Now I have always thought that the ‘no-platform’ approach is wrong. To deny the far-right a voice is to give them a status that they do not deserve.

But as it is, the vast majority of the almost 200,000 people that gave Barnbrook a first or second preference vote, have never seen him speak in public. For these voters, the fact that their man has seemingly been hidden by the media, will only have hardened his appeal.

Now if over the past few months Barnbrook had instead occupied the seat of Lindsey German at the various hustings and TV appearances, then his appeal could have been dramatically reduced.
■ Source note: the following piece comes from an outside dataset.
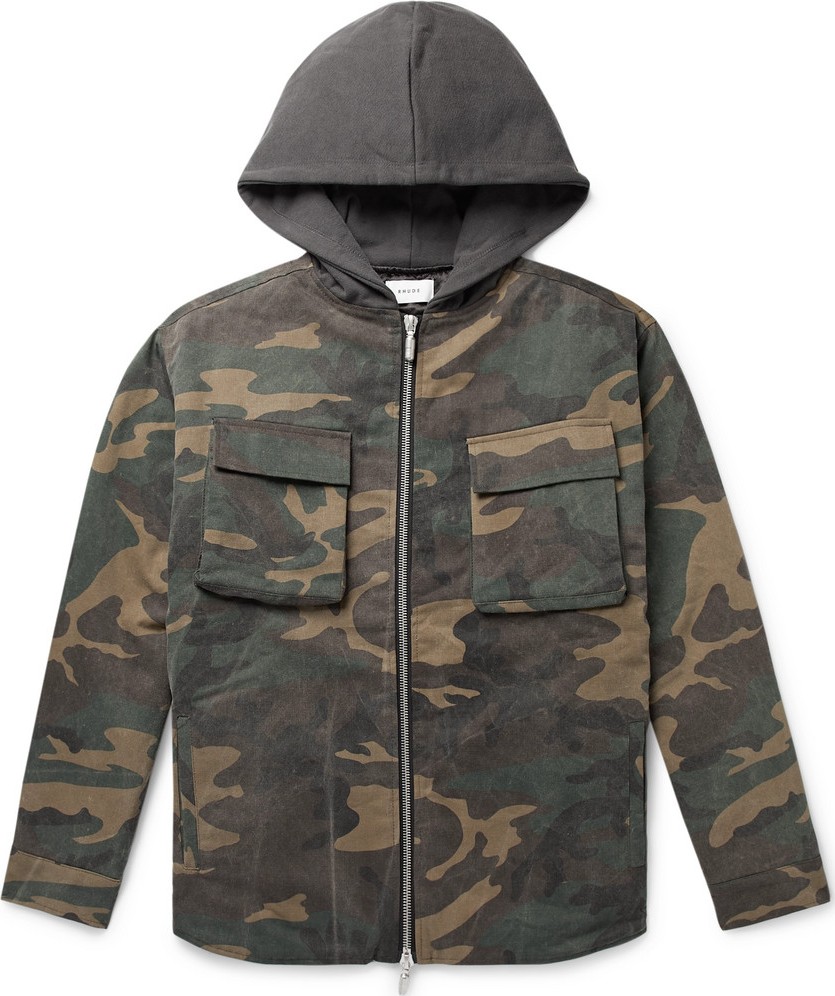 RHUDE Jersey-Trimmed Camouflage-Print Cotton-Twill Hooded Jacket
Rather than being seen as the maverick outsider speaking for the ‘silent majority,’ Barnbrook would have been exposed as the racist loudmouth that he is.

Unfortunately, the media enabled Barnbrook and the BNP to pose as victims of a vast conspiracy intent on hiding and destroying them. And the more they were kept out of the the public eye, then the more they could then dismiss any revelations brought against them.

Because during the course of the campaign there were two major revelations about Barnbrook and his party. The first was that BNP candidate Nick Eriksen had written condoning rape and the assault of women and the second was that Barnbrook had been having an affair with an immigrant.

Now quite what effect these revelations had is far from clear, (although there had been predictions that the BNP would return three assembly seats). However, what is clear is that when Barnbrook stepped forward for his victory speech, he was easily able to dismiss those allegations as part of a left-wing conspiracy.

The fact that these revelations came from the Daily Mail and the News of the World were conveniently ignored. For his army of supporters, he could pose as Richard the Lionheart battling against an army of media Saladins, and as the great white martyr fighting the dark dark arts of the press.

Now if instead of being hidden from us throughout the campaign, Barnbrook had been given his fair share of media scrutiny, then he would never have been able to adopt these martyr poses. Stripped of his lion suit, London would have seen the dark heart that lurked within. And forced into the heat of the spotlight, we could have seen the sweaty berk that he is.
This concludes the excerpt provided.